Deep Learning-based Non-Intrusive Multi-Objective Speech Assessment Model with Cross-Domain Features
The non-intrusive speech assessment metrics have garnered significant attention in recent years, and several deep learning-based models have been developed accordingly. Although these models are more flexible than conventional speech assessment metrics, most of them are designed to estimate a specific evaluation score, whereas speech assessment generally involves multiple facets. Herein, we propose a cross-domain multi-objective speech assessment model called MOSA-Net, which can estimate multiple speech assessment metrics simultaneously. More specifically, MOSA-Net is designed to estimate the speech quality, intelligibility, and distortion assessment scores of an input test speech signal. It comprises a convolutional neural network and bidirectional long short-term memory (CNN-BLSTM) architecture for representation extraction, and a multiplicative attention layer and a fully-connected layer for each assessment metric. In addition, cross-domain features (spectral and time-domain features) and latent representations from self-supervised learned models are used as inputs to combine rich acoustic information from different speech representations to obtain more accurate assessments. Experimental results show that MOSA-Net can precisely predict perceptual evaluation of speech quality (PESQ), short-time objective intelligibility (STOI), and speech distortion index (SDI) scores when tested on noisy and enhanced speech utterances under either seen test conditions or unseen test conditions. Moreover, MOSA-Net, originally trained to assess objective scores, can be used as a pre-trained model to be effectively adapted to an assessment model for predicting subjective quality and intelligibility scores with a limited amount of training data. In light of the confirmed prediction capability, we further adopt the latent representations of MOSA-Net to guide the speech enhancement (SE) process and derive a quality-intelligibility (QI)-aware SE (QIA-SE) approach accordingly. Experimental results show that QIA-SE provides superior enhancement performance compared with the baseline SE system in terms of objective evaluation metrics and qualitative evaluation test.
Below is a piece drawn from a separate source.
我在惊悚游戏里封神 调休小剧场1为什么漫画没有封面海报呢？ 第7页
For more detail please check our Paper
You can download our environmental setup at Environment Folder and use the following script.
conda env create -f environment.yml
Please be noted, that the above environment is specifically used to run MOSA-Net_Cross_Domain.py, Generate_PS_Feature.py, Generate_end2end_Feature.py
. To generate Self Supervised Learning (SSL) feature, please use python 3.6
and follow the instructions in following link to deploy fairseq module.
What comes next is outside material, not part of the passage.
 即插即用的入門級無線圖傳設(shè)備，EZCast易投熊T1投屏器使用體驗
This program doesn't run on latest fairseq release. You have to install from the submodule in this repository.
- initialize submodule and clone fairseq
git submodule init
git submodule update
- install fairseq
cd fairseq-lib
pip install --editable ./
For extracting cross-domain features, please use Generate_end2end_Feature.py, Generate_PS_Feature.py, Generate_SSL_Feature.py. When extracting SSL feature, please make sure that fairseq can be imported correctly. Please refer to this link for detail installation.
Please use following script to train the model:
python MOSA-Net_Cross_Domain.py --gpus <assigned GPU> --mode train
For, the testing stage, plase use the following script:
python MOSA-Net_Cross_Domain.py --gpus <assigned GPU> --mode test
Please kindly cite our paper, if you find this code is useful.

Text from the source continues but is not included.